# A good start to travel photography?



## TheBromad (Oct 28, 2015)

I know that a good obvious start would be to travel but how do you go about being published in Magazines and things of that nature? Along the lines of photography jobs in general, what sort of jobs can be obtained with a photography talent other than making money for yourself? Just so I have a general idea of what potential hirers look for in a portfolio.


----------



## gsgary (Oct 29, 2015)

Most travel photographers travel at their own expense and hope to recoup back the cost


----------



## tirediron (Oct 29, 2015)

TheBromad said:


> ..., what sort of jobs can be obtained with a photography talent other than making money for yourself?


 Making money is the real talent.  Do you know what the difference between a professional photographer and a large pizza is?  The large pizza can feed a family!

If you have aspirations of being paid to travel and photograph exotic locations, all I can say is, "Good luck!"  You (seriously) have a better chance of winning the lottery or being struck by lightening.  Most travel photography these days is either stock, shot with someone's iPhone, or done on spec.  Unless you are the 'one-in-a-million' photographer, there's very little opportunity to make money in photography outside of retail & commercial work.  Most of the few people who are making money in photojournalism are also reporting as well, so maybe consider throwing a journalism degree into the tickle-trunk before getting too carried away.


----------



## dennybeall (Oct 29, 2015)

Research, research and more research. Pick publications that are in your field of interest, and study, STUDY!!, the photos and the photo sets in those publications (print or net).
Take photos that you feel would fit and submit them to the publication.
It's the same process if you're a writer.
Understand there are probably 500 people doing exactly the same thing so you have to be better at providing what that pub wants.
If you're an "ARTIST" and taking photos your way then take a different path.


----------



## TheBromad (Oct 29, 2015)

tirediron said:


> TheBromad said:
> 
> 
> > ..., what sort of jobs can be obtained with a photography talent other than making money for yourself?
> ...


Do you have suggestions to other fields that hire photographers? I just want need a goal to work towards and can't figure it out lol


----------



## tirediron (Oct 29, 2015)

TheBromad said:


> ...Do you have suggestions to other fields that hire photographers? I just want need a goal to work towards and can't figure it out lol


 Like I said the only two fields where you stand any more than a snowball's chance are (1) Retail (family portraiture, headshots, etc; and (2) Commercial (advertising, fashion, etc).  All of the big "money makers" such as stock andPJ are pretty much gone.


----------



## gsgary (Oct 29, 2015)

TheBromad said:


> tirediron said:
> 
> 
> > TheBromad said:
> ...


If I were you I would look into another industry,  I'm in construction  and at the moment you can make big money if you know what you are doing


----------



## The_Traveler (Oct 29, 2015)

dennybeall said:


> *Understand there are probably 500 people doing exactly the same thing* so you have to be better at providing what that pub wants.
> If you're an "ARTIST" and taking photos your way then take a different path.

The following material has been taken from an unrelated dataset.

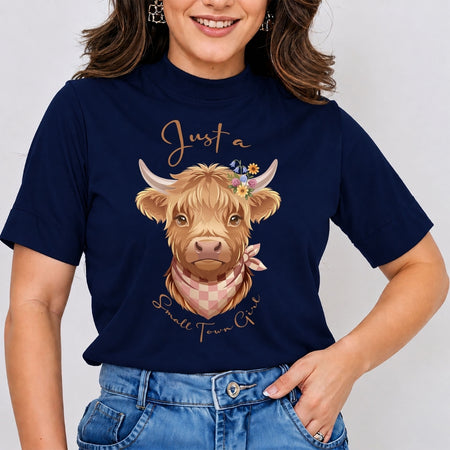A woman wearing a navy blue short-sleeve t-shirt with a graphic of a Highland cow and the text 'Just a Small Town Girl' in gold, paired with blue jeans.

This is* so *wrong, there are probably *5000* or even *50,000 *who are doing the exact same thing.


----------



## TheBromad (Oct 29, 2015)

The_Traveler said:


> dennybeall said:
> 
> 
> > *Understand there are probably 500 people doing exactly the same thing* so you have to be better at providing what that pub wants.
> ...


So then it looks like I have some work to do. If people stopped trying because someone told them that what they're trying to accomplish is too hard, well then I guess the world would be a pretty shitty place lol


----------



## gsgary (Oct 30, 2015)

TheBromad said:


> The_Traveler said:
> 
> 
> > dennybeall said:
> ...


With digital photography is getting easier so everyone thinks they can buy a camera and make money, stick round till Christmas and see how many threads we get about starting a photography business


----------



## The_Traveler (Oct 30, 2015)

I'd like to quote someone I know well and respect a great deal for his intelligence and common sense:



The_Traveler said:


> Yes, but that really isn't the point.
> 
> 
> 
> ...





The_Traveler said:


> But on your issue, getting into any business, there are certain questions you must ask - or expect to fail
> 
> is there a market?
> Is the market stagnant or growing and is it underserved in a way that would benefit new businesses?
> ...




................................................................................................................................


The_Traveler said:


> The availability of cheap but smart cameras and lenses and the virtual total lack of controls in the trade means that there is no barrier to entry.
> Someone who buys/gets a camera now, hoping to be in business, is looking to develop both skills and a customer base in the face of enormous competition from equal or more skilled people.
> That kind of thing may be OK for someone who doesn't look at this as a prime means of support but more of a part-time job that buys some equipment.





The_Traveler said:


> If that's the way you want to spend your off hours, struggling for bucks in the face of increasing cheaper competition, go for it.
> But recognize the situation.



I have travelled a good deal and write about it for myself.
I looked into writing for publications and could never get anything placed - for money.
A few small publications were interested in getting stuff 'for the exposure' but most of the time publishers wanted specific work and they wanted to work with people that they knew.


----------



## TheBromad (Oct 30, 2015)

gsgary said:


> TheBromad said:
> 
> 
> > The_Traveler said:
> ...





The_Traveler said:


> I'd like to quote someone I know well and respect a great deal for his intelligence and common sense:
> 
> 
> 
> ...


So networking and getting yourself out there would be a good start?


----------



## The_Traveler (Oct 30, 2015)

Learning how to take really terrific pictures no matter what the situation is first.
In a tough market, you may get one look and if your pictures and text aren't terrific, you are dead.
In Feb. I met a French publisher who had contracted for a book with this photographer who had been back to upper Myanmar eight times to get enough good pictures to illustrate the book.
The photographer travelled with lots of gear and his stuff was pretty damn good, imo.
In terms of quality better than mine no doubt.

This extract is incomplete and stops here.